Dans ses remarques lors du lancement de l'Open Government Partnership à New York le 20 septembre 2011, Francis Maude, ministre britannique pour le cabinet du Premier ministre et membre du parlement a commencé par une citation de Victor Hugo: "On résiste à l'invasion des armées, on ne résiste pas à l'invasion des idées". Le ministre a poursuivi en suggérant que "la transparence est une idée forte dont le temps est venu". Je ne peux qu'être d'accord. M. Maude était l'un des huit dirigeants et représentants qui ont annoncé leur engagement à l'Open Government Partnership avec 30 autres pays. L'OGP est une nouvelle initiative multilatérale rassemblant les gouvernements et la société civile pour promouvoir la transparence, combattre la corruption, renforcer la responsabilité et responsabiliser les citoyens.

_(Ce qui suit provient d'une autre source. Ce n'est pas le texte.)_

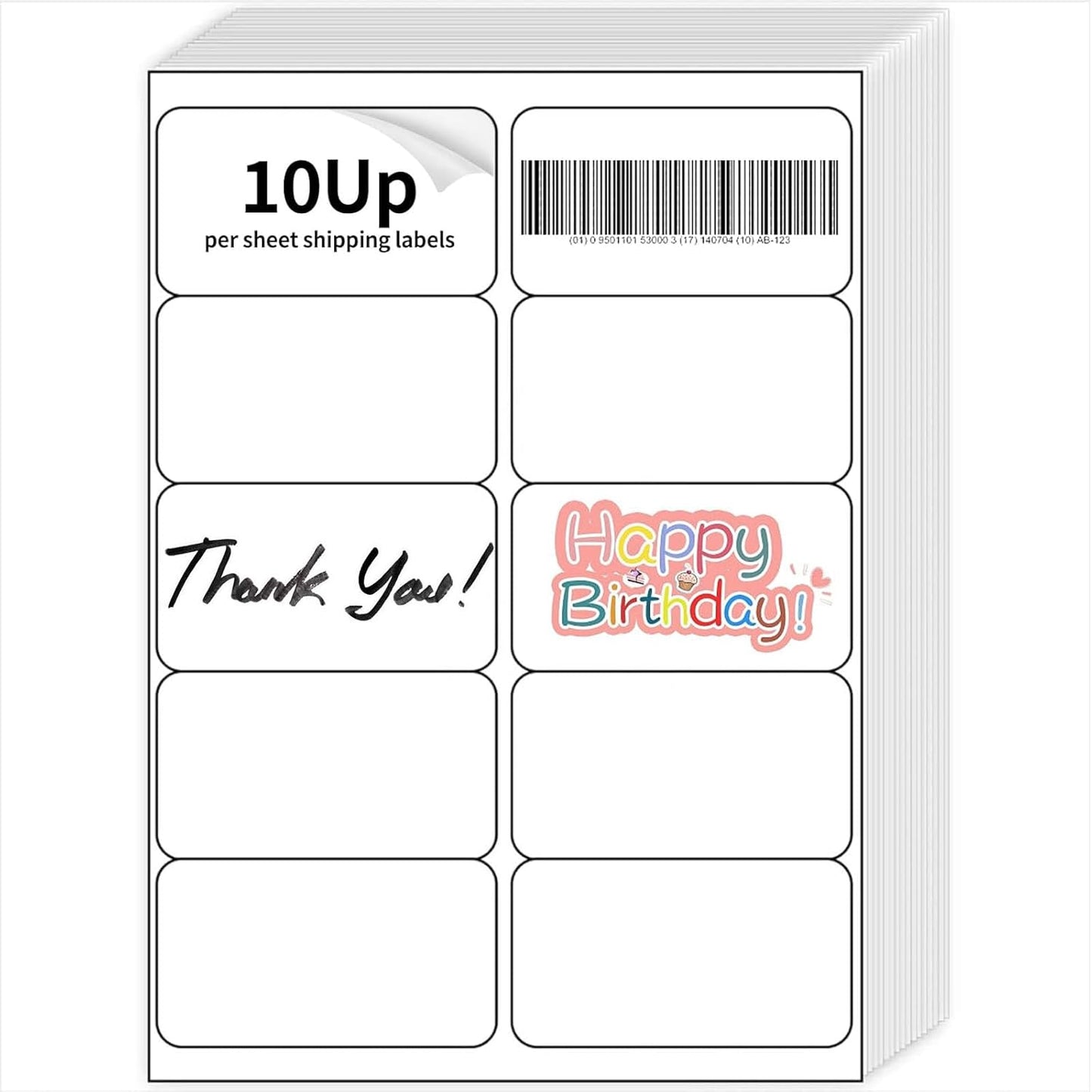 200 Sheets 2" x 4" Shipping Mailing Labels Printable White 10 up Address Label for Laser/Inkjet Printers - Matte, 10 Labels per Sheet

Donnant plus de voix à la déclaration de M. Maude, le président Obama a annoncé à la même table que les États-Unis mettraient en œuvre l'ITIE, devenant le deuxième pays de l'OCDE, après la Norvège, à mettre en œuvre cette norme internationale pour la transparence des paiements et perceptions dans le secteur extractif.

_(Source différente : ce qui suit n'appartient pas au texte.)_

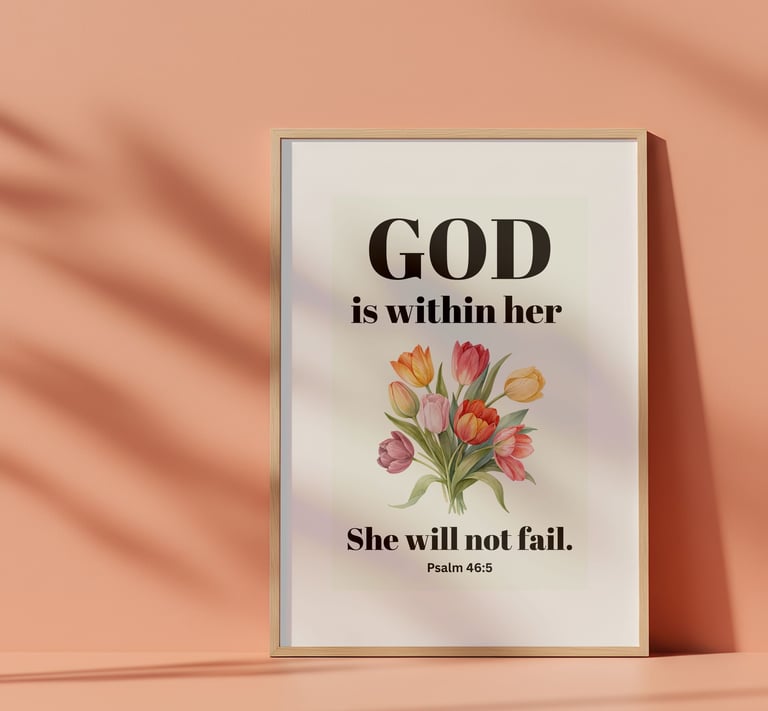 Framed Psalm 46:5 wall art featuring colorful tulips and inspirational Christian scripture.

Clairement, un point d'orgue se prépare, mais d'où vient cette idée de transparence et quelle en est la force?

Le juge américain Louis D. Brandeis a écrit dans Other People’s Money (L'Argent des autres), publié en 1913, "On dit que la lumière du soleil est le meilleur désinfectant, la lumière électrique le policier le plus efficace." C'était une idée forte à l'époque, une idée qui a contribué à créer le système de la réserve fédérale américaine et a rompu les monopoles. Le président Woodrow Wilson adhéra aux idées de Brandeis et le nomma à la Cour Suprême en 1916. Wilson défendit ensuite la transparence des traités entre gouvernements comme un moyen de réduire le risque de guerre entre les nations lors de son célèbre discours au congrès en 1918.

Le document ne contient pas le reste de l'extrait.